== Segment start ==

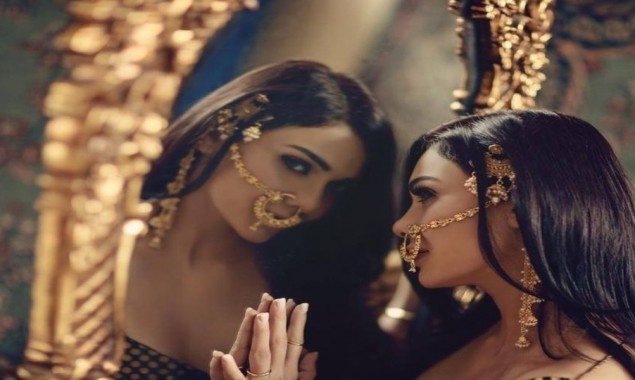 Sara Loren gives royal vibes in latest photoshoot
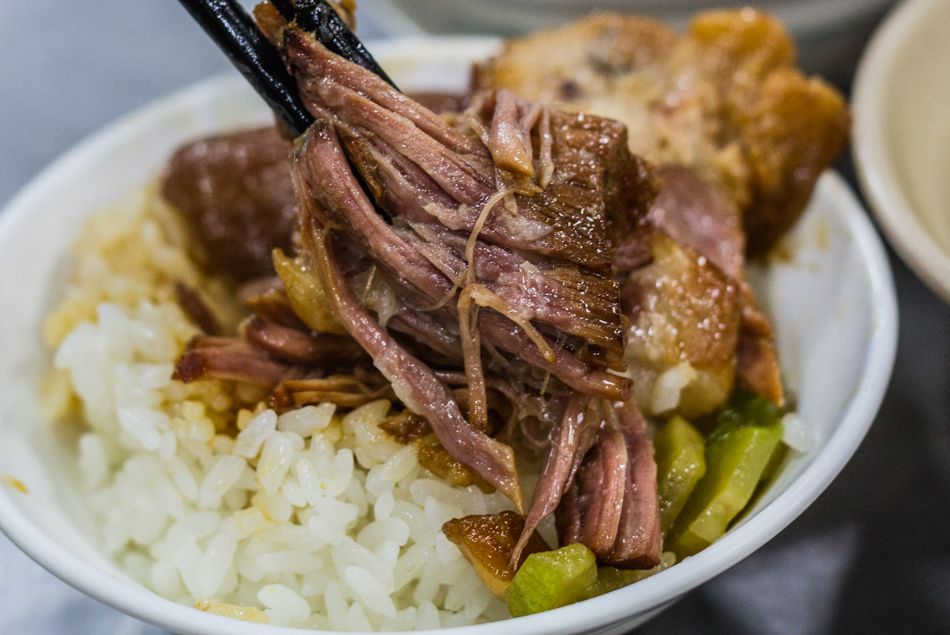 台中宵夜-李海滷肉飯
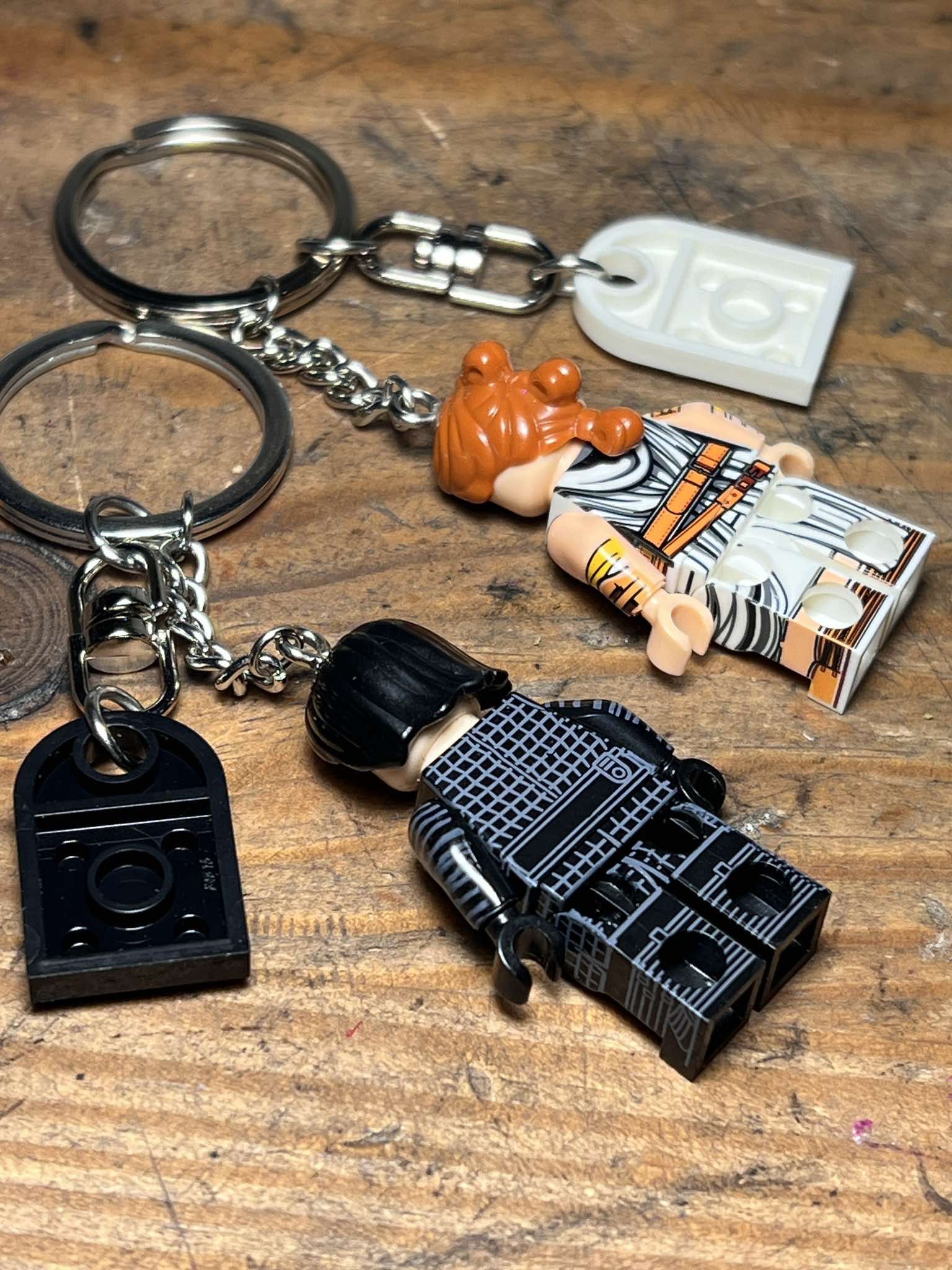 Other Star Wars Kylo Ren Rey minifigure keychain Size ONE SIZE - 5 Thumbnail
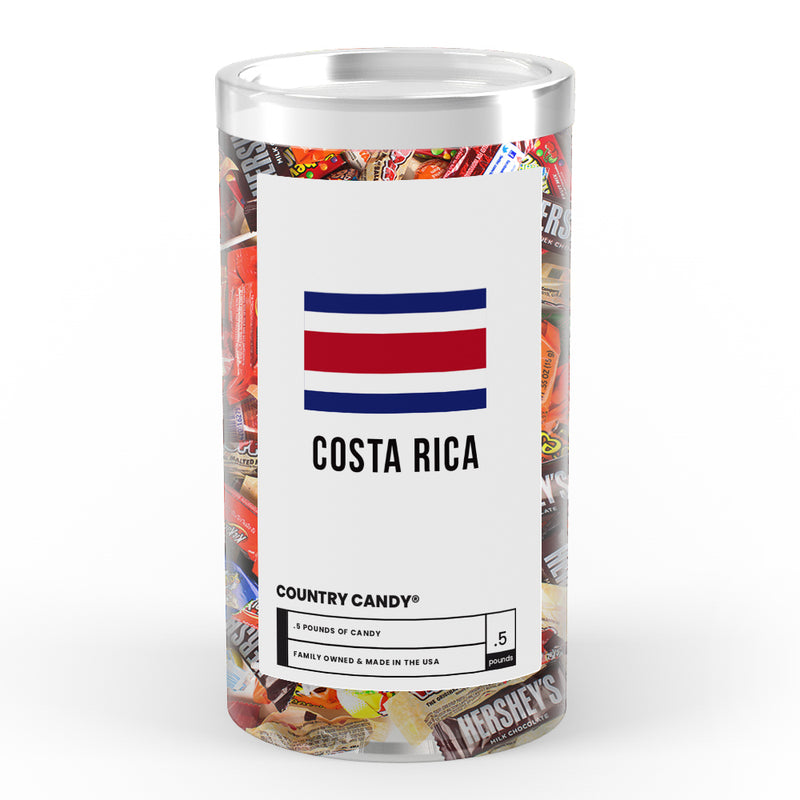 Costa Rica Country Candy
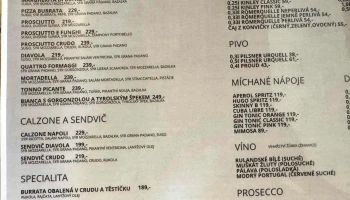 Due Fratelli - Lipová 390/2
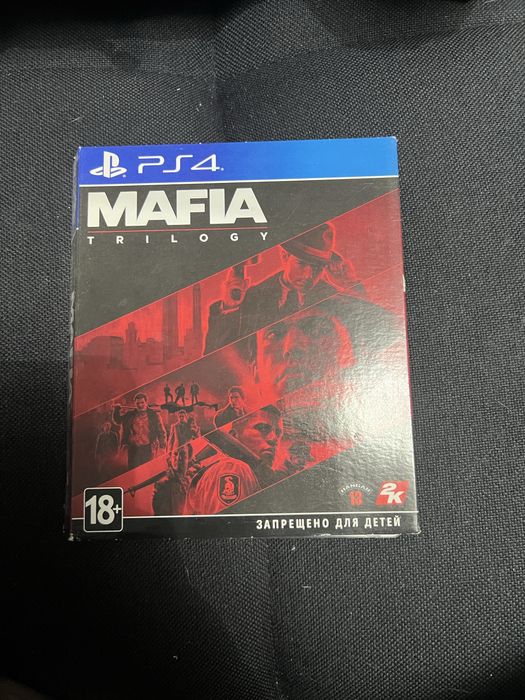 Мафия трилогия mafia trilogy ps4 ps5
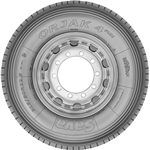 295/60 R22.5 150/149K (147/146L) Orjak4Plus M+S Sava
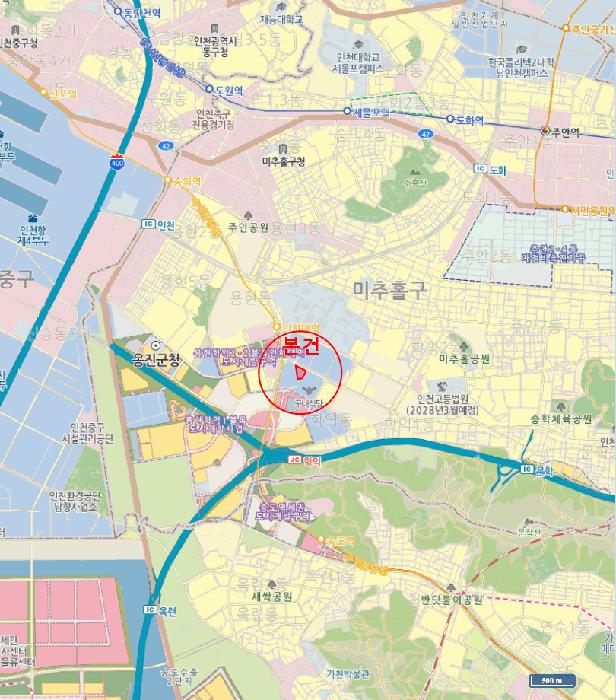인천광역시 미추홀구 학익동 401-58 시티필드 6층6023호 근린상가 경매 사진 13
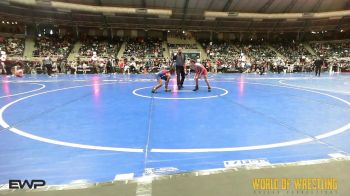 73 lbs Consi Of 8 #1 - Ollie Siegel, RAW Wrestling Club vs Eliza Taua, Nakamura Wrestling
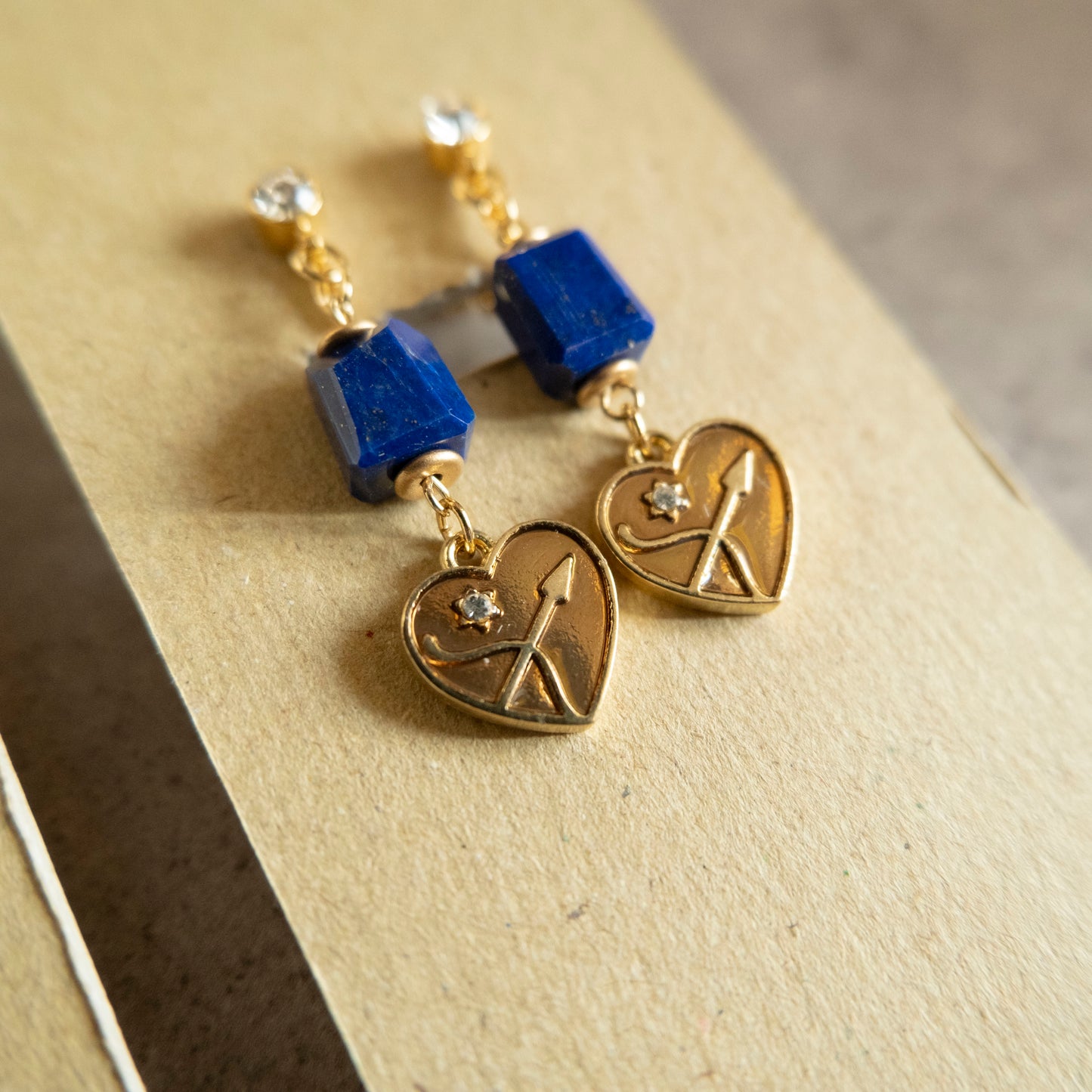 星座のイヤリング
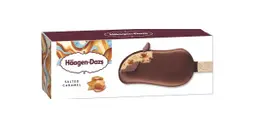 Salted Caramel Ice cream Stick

== Segment end ==

Every line from the one holding "Costa Rica Country Candy" to the last line of the listing above, inclusive, must appear exactly as written, and no picture may appear.

 Costa Rica Country Candy
 Due Fratelli - Lipová 390/2
 Мафия трилогия mafia trilogy ps4 ps5
 295/60 R22.5 150/149K (147/146L) Orjak4Plus M+S Sava
인천광역시 미추홀구 학익동 401-58 시티필드 6층6023호 근린상가 경매 사진 13
 73 lbs Consi Of 8 #1 - Ollie Siegel, RAW Wrestling Club vs Eliza Taua, Nakamura Wrestling
 星座のイヤリング
 Salted Caramel Ice cream Stick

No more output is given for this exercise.